The answer to that question is a question in my mind:
Who do they have to give up to get him?


----------



## Wiggum (Jul 29, 2002)

Guys. Pat Riley is not gonna let go of Alonzo Mourning. Period.


----------



## Pinball (Aug 3, 2002)

I think Zo is a FA after the year though. However, we know that Miami will make a run at Duncan so maybe he lets Zo walk at the end of the year. I'd rather have a trio of Duncan-Jones-Grant than a trio of Finley-Jones-Grant.


----------



## Petey (Aug 23, 2002)

I don't think Finely will be enough to get Zo, but I do see him signing somewhere on the cheap, if not in Miami on the cheap...

-Petey


----------



## truebluefan (May 27, 2002)

The answer to the question is yes. But, how do you give up 20 million dollars and not hurt your team?


----------



## HEATLUNATIC (May 27, 2002)

Zo isnt going anywhere,he will resign with us next season for around 5 mill,and then we will sign Duncan!

C - Zo
PF - Duncan
SF - Butler
SG - E.J.
PG - Best

We should at least 3-peat! 

DONT hate,cuz it CAN and WILL happen!:yes:


----------



## Joker (Aug 7, 2002)

Is Alonzo the difference maker the Mavs need to challenge LA for the title? 

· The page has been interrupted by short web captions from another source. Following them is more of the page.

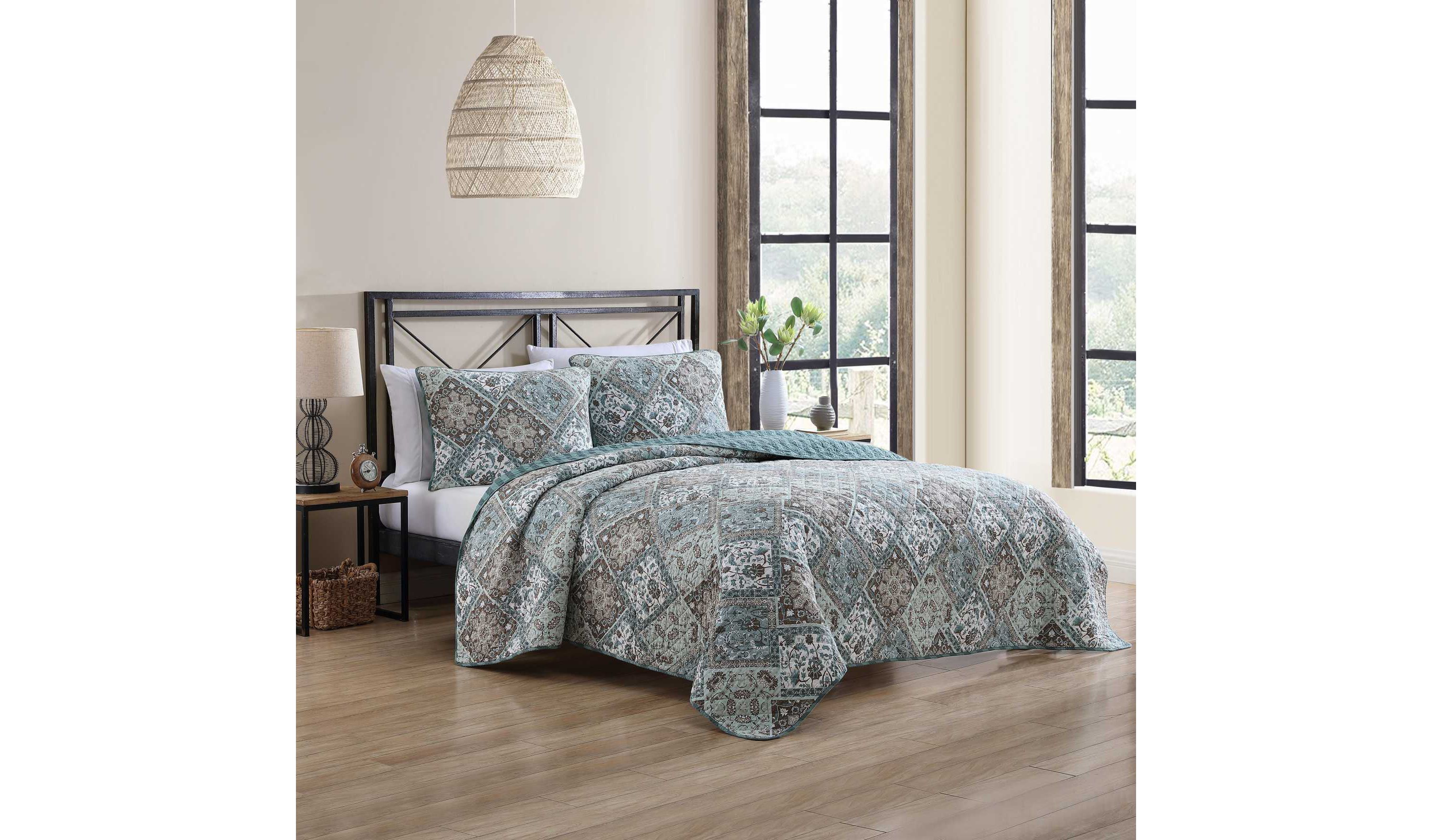 Arell Cotton Quilt Set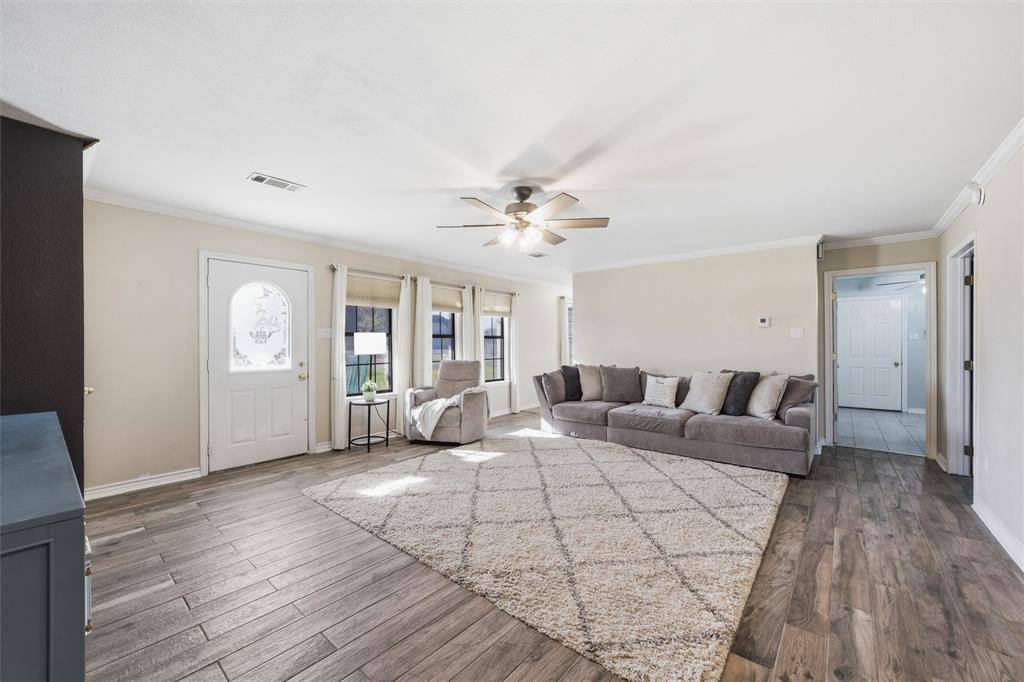 1211 Overlook Court, Whitney, TX 76692
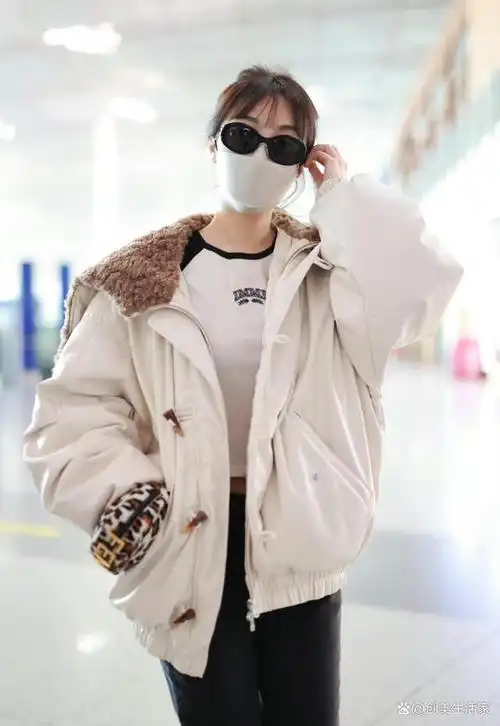 李菲儿走机场,穿白色翻毛领夹克搭黑色牛仔裤,清新时尚显身材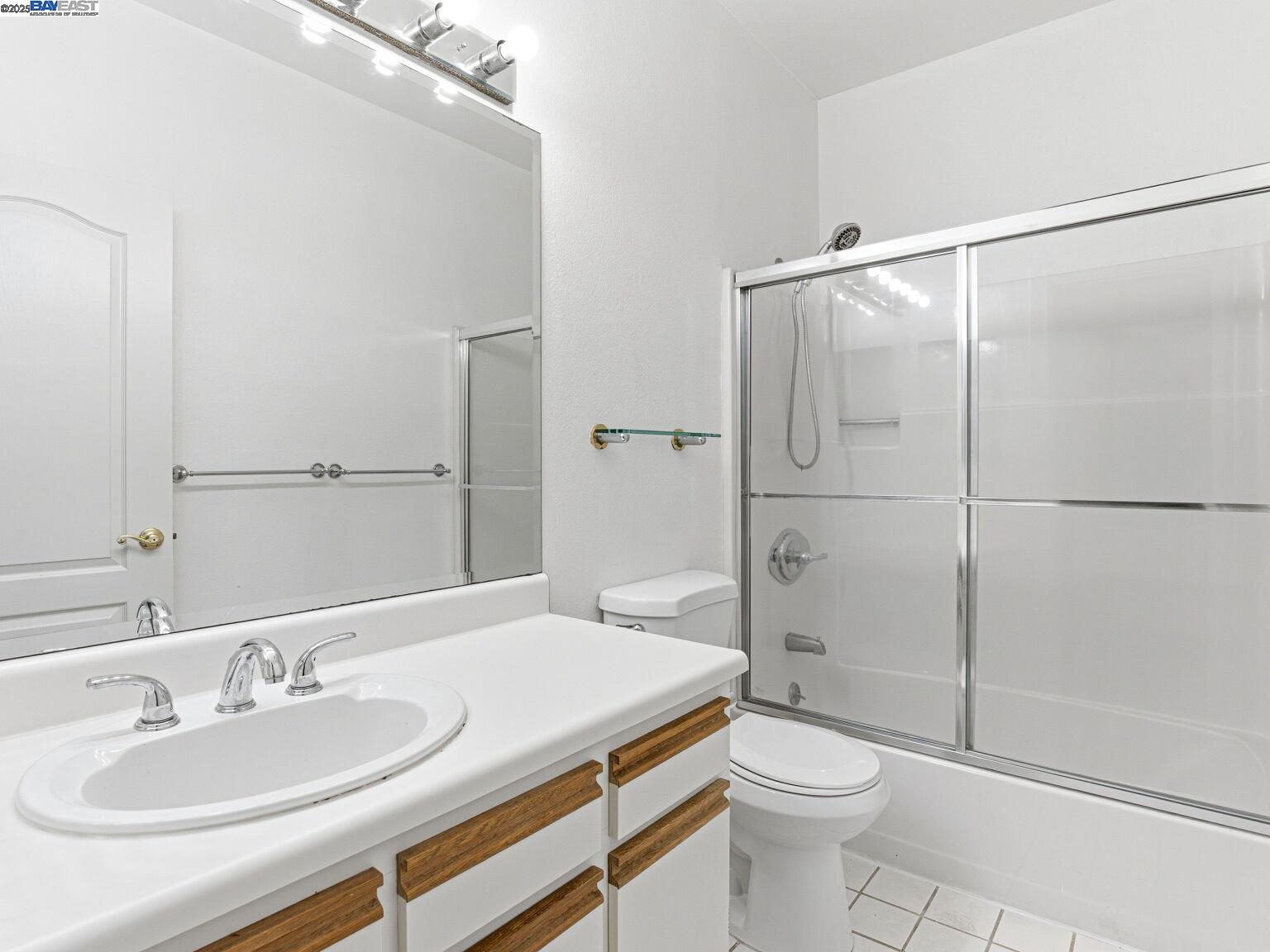 1708 Lexington Avenue, Unit 2 El Cerrito, CA 94530 - Photo 32 of 60 a bathroom with a sink toilet and shower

Yes! ZO is the one man who can make a difference especially in the Mavs. Then, this team would run circles around the kings and the lakers.
Zo, and ONLY ZO, can take Shaq one on one, and all their matchups are highly anticipated, would bring tons of defense to dallas without hurting their offense (on the conrary).

however, ZO is like a father to Miami, and he said it that he would like to end his career there. riley said he's keeping Zo this year and its his intention to sign him again next year.

Zo would sign again for less money, 
I see Duncan in Miami because of the good team and the nice city.
Butler would have emerged like Rip has last year.
Jones provides along with Zo the best devensive duo in the NBA
Best is a very reliable pg who runs the floor, plays D, and shoots.

Brian Grant a solid 12, 10
Eddie House a dynamic emerging athlete
Jim Jackson, a reliable reserve
luke recker
rasual butler
laphonso ellis
vladimir stepania
sean marks

even without some of these guys, the HEAT almost guarantees a ring.


:gbanana: :banana: :rbanana: 
HEAT Vs. Lakers
ZO Shaq
Duncan Horry?:laugh: 
Butler Fox:laugh: 
Jones Bryant
Best Fisher

Now this is what i call a series!


----------